Direct Adaptive Control of Grid-Connected Power Converters via Output-Feedback Data-Enabled Policy Optimization
Feiran Zhao, Ruohan Leng, Linbin Huang, Huanhai Xin, Keyou You, Florian Dörfler
TL;DR
This work addresses the instability risks of grid-connected power converters in unknown, time-varying grids by introducing an output-feedback data-enabled policy optimization (DeePO) framework. By reformulating the output-feedback problem as a state-feedback LQR with a controllable non-minimal state derived from past input-output data, the approach enables direct, online adaptation without explicit system identification. DeePO employs covariance-parameterized LQR design and online gradient updates, with stability guaranteed via a projected gradient and subspace constraints, and a permutation-based reduction to ensure controllability. High-fidelity simulations on grid-connected converters and direct-drive wind generators demonstrate rapid adaptation to grid changes, effective damping of oscillations, and significant computational advantages over DeePC, highlighting practical impact for real-time grid stabilization.
Abstract
Power electronic converters are becoming the main components of modern power systems due to the increasing integration of renewable energy sources. However, power converters may become unstable when interacting with the complex and time-varying power grid. In this paper, we propose an adaptive data-driven control method to stabilize power converters by using only online input-output data.
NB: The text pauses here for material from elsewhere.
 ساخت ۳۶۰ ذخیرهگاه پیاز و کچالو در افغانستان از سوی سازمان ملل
Our contributions are threefold. First, we reformulate the output-feedback control problem as a state-feedback linear quadratic regulator (LQR) problem with a controllable non-minimal state, which can be constructed from past input-output signals. Second, we propose a data-enabled policy optimization (DeePO) method for this non-minimal realization to achieve efficient output-feedback adaptive control. Third, we use high-fidelity simulations to verify that the output-feedback DeePO can effectively stabilize grid-connected power converters and quickly adapt to the changes in the power grid.